Founder and CEO of Australian security company TrustDefender, Ted Egan, told Computerworld Australia security offenders and hackers have become more sophisticated in recent years, using newer technologies such as cloud-based services.
“The biggest issue enterprises have is that bad guys are not using traditional ways of evading security techniques," he said. "They are using sophisticated, virtualised, cloud-based attacks.”
Egan’s insights come despite Queensland Police online crime law enforcement unit detective superintendent, Brian Hay, last month said, cyber criminals were not ‘technically gifted’.
"Bring your own" (BYO) corporate technology, which recent reports suggest remain unpopular with CIOs, increased potential gaps in security and could lead to more attacks, according to Egan.
“Employees are being given devices like mobile phones that aren’t being put on the books of the company,” he said. “You can use it for whatever you want, but how do companies know it’s secure when you’re putting confidential data onto those machines and then feeding back that data into the cloud?"

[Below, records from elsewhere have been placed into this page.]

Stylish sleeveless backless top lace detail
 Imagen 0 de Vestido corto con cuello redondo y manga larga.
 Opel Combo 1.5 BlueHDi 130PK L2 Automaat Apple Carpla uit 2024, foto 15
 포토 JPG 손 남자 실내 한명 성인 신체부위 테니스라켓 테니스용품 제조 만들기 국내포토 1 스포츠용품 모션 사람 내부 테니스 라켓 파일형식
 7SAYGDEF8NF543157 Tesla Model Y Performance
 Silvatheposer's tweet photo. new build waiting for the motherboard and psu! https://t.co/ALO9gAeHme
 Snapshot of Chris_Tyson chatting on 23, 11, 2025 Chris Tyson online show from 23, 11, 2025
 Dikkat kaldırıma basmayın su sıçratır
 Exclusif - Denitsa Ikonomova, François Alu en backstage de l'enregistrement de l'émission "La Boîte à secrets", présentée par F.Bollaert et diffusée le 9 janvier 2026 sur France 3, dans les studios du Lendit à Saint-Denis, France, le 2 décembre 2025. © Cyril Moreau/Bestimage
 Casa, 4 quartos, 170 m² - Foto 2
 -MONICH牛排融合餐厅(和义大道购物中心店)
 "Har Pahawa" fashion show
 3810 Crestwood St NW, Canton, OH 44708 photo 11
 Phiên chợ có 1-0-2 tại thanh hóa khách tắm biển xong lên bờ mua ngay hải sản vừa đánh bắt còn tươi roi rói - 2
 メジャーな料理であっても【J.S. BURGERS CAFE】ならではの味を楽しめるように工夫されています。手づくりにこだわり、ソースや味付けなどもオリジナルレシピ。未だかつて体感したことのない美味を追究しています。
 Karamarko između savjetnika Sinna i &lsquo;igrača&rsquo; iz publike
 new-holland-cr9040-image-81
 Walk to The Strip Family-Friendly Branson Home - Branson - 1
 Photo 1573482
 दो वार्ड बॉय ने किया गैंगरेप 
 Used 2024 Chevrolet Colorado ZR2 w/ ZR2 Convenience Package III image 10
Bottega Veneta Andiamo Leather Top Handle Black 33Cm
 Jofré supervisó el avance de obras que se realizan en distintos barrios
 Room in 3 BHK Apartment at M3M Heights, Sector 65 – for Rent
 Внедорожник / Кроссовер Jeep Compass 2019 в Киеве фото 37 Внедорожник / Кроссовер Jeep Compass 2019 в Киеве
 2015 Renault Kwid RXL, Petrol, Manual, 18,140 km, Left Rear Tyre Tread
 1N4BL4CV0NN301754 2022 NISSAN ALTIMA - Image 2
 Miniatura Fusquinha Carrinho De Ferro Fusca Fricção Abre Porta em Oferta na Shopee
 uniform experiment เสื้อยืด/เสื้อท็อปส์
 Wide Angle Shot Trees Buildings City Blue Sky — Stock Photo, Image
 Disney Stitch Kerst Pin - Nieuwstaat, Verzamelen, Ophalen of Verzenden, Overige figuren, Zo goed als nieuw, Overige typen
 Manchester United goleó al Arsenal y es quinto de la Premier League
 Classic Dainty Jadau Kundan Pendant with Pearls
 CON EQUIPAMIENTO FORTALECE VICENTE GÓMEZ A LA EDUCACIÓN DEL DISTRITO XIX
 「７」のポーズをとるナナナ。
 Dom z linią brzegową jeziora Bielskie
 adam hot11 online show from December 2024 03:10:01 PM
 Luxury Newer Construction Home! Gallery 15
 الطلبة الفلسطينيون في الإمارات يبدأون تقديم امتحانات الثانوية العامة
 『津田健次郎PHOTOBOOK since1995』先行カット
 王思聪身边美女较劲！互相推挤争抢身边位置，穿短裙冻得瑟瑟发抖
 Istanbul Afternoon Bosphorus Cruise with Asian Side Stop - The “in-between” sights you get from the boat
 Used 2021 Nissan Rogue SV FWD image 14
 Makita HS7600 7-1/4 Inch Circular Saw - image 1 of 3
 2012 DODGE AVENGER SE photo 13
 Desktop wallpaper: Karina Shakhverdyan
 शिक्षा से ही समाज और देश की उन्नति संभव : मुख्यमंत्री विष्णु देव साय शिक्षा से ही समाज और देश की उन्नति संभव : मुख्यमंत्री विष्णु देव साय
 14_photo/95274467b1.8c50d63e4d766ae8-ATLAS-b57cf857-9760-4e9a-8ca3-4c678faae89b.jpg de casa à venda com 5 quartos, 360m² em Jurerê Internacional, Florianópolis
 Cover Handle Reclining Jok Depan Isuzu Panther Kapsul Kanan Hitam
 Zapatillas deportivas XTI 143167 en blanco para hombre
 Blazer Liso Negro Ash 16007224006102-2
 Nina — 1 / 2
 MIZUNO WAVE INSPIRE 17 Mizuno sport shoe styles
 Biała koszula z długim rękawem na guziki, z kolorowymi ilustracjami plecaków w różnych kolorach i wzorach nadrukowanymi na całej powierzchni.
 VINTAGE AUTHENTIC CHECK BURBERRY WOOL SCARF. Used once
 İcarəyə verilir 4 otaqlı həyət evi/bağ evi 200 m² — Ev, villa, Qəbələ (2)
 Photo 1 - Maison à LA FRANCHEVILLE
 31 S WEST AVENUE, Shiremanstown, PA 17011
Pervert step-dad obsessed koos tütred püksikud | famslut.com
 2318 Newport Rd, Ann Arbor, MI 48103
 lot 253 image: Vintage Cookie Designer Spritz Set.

“The problem with it is, you’re feeding all of that information into your mobile devices and the bad guys don’t need to compromise the enterprise anymore, they just need to compromise your device,” he said. “All the bad guys need to do is compromise one mobile device and your whole system can be compromised.”
While the CIO of the Hong Kong Housing Authority earlier this year said Australian IT managers are hesitant to move to biometrics as a security offering due to priorities taking precedent, Egan said this may be because it isn’t an efficient means of securing a device.
“The bad guys are very smart, all they have to do is compromise the device that biometrics has been used in,” he said. “If the bad guys compromise that information in the first place, it doesn’t matter what you do with biometrics or voice recognition – they can still bypass all of it.”
Egan's insights come as the former CIO of the US National Security Agency, Prescott Winter, warned CIOs needed to become more conscious of their internal security.
McAfee chief executive, David DeWalt, also pointed to Web 2.0 and social media as potential new security threats.